Just about every car company seemed to have a folding metal hardtop convertible in the 2000s, and Ford was no exception. It introduced its Focus Coupe Cabriolet in 2007, the same year Holden’s soft-top Astra Convertible was replaced with the hardtop Astra TwinTop.
The concept seemed great on paper. You seemed to get the best of both worlds with these droptops – you had a convertible with all the security and insulation of a coupe once you put the top up. In the Focus, that action took just under 30 seconds.
This body style had its drawbacks, however, chiefly the extra weight and complexity. To help mitigate the latter, Ford designed its first and thus far only droptop Focus to have only a two-piece roof instead of rivals like the Volkswagen Eos, whose roof folded in five segments.
Unfortunately for the Focus, such a roof required an even larger repository in which to store it. Coupe convertibles were often known for being a bit awkward-looking with both the top up and the top down, though some – like the Volvo C70 – managed to avoid this fate.
Not so the Focus, which suffered from one of the most ungainly rear ends of any coupe convertible. It might have worn Pininfarina badging but, hey, even the best have off days. The frumpy Focus had to face the comelier Astra convertible, which also had the advantage of Holden having competed in this segment for a few years, to modest success.
Like the Astra TwinTop, the Focus Coupe Cabriolet came in a single, well-specified model. In fact, the Focus was priced identically to its arch-rival – $45,490 for the five-speed manual, $47,490 for the four-speed auto. Both had naturally-aspirated four-cylinder engines but the Focus’ 2.0-litre produced 107kW of power and 185Nm of torque to the Astra 2.2-litre’s 110kW and 210Nm of torque.
The Astra was sprightlier, even though it weighed an extra 150kg more than the 1454kg Focus that was itself around 150kg more than a Focus sedan.
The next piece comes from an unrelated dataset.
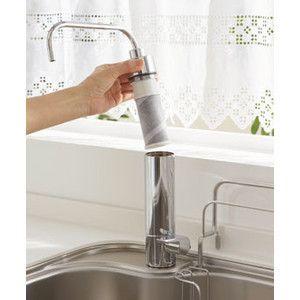 クリナップ交換用カートリッジ(3本セット)ZSRJT302R09AC 送料無料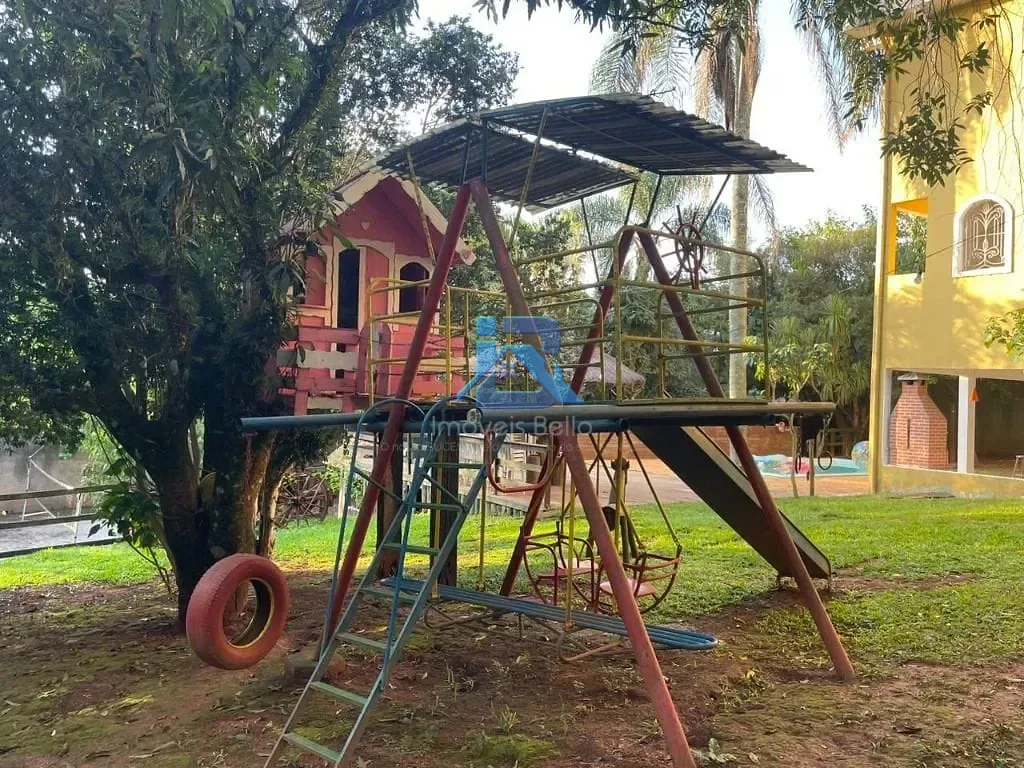 Chácara com 5 dormitórios à venda, 1560 m² por R$ 1.000.000,00 - Pomar São Jorge - Itatiba/SP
Speaking of the sedan, the Focus Coupe Cabriolet shared its wheelbase and yet rear seat room was nothing special.
In its last full year on sale, 2008, Ford sold 487 examples of its droptop Focus to 858 Astra TwinTops; the Volkswagen Eos managed to outsell both, with a surprising 1852 units.
The TwinTop disappeared after 2009 as Holden switched from the Astra to the Cruze for its small car line but the Focus wasn’t able to take advantage of the vacuum, Ford Australia pulling the plug in 2009. It continued on in other markets until the introduction of the third-generation Focus, which tellingly lacked a convertible.
Whether that’s a result of Ford prioritising marketing of its volume-selling models (the Falcon before, the Ranger now) or for some other reason, that leaves a long history of Ford models that are decidedly less ubiquitous on our roads than rival Japanese and Korean models.
It also means there are plenty of Fords which may well have disappeared from your memory banks.